Data under study:
━━━━━━━━
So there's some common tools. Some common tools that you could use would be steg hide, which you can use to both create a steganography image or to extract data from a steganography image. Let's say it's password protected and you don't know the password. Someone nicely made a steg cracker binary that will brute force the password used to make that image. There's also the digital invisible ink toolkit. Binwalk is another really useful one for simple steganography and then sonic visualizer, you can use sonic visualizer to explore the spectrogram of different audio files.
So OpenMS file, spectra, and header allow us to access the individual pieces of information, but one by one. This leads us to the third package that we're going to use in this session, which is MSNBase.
━━━━━━━━
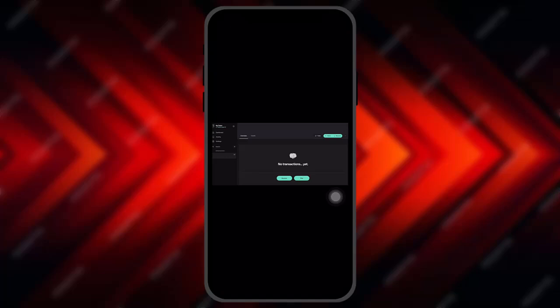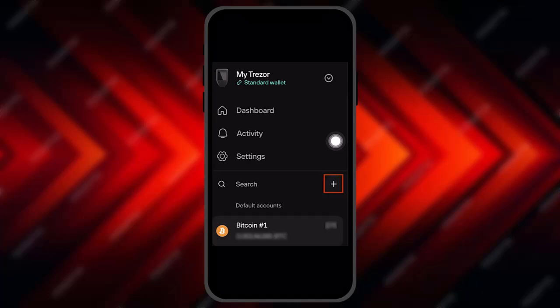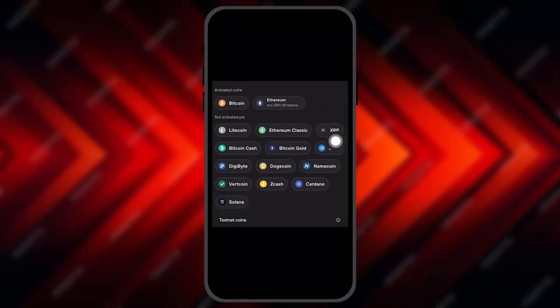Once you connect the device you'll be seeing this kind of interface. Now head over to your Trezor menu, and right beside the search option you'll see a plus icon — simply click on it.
━━━━━━━━
Directions: Extract from the listing above the lines between the line containing "So there's some" and the line containing "So OpenMS file, spectra, and", keeping both of those lines. Output nothing else.

Reply:
So there's some common tools. Some common tools that you could use would be steg hide, which you can use to both create a steganography image or to extract data from a steganography image. Let's say it's password protected and you don't know the password. Someone nicely made a steg cracker binary that will brute force the password used to make that image. There's also the digital invisible ink toolkit. Binwalk is another really useful one for simple steganography and then sonic visualizer, you can use sonic visualizer to explore the spectrogram of different audio files.
So OpenMS file, spectra, and header allow us to access the individual pieces of information, but one by one. This leads us to the third package that we're going to use in this session, which is MSNBase.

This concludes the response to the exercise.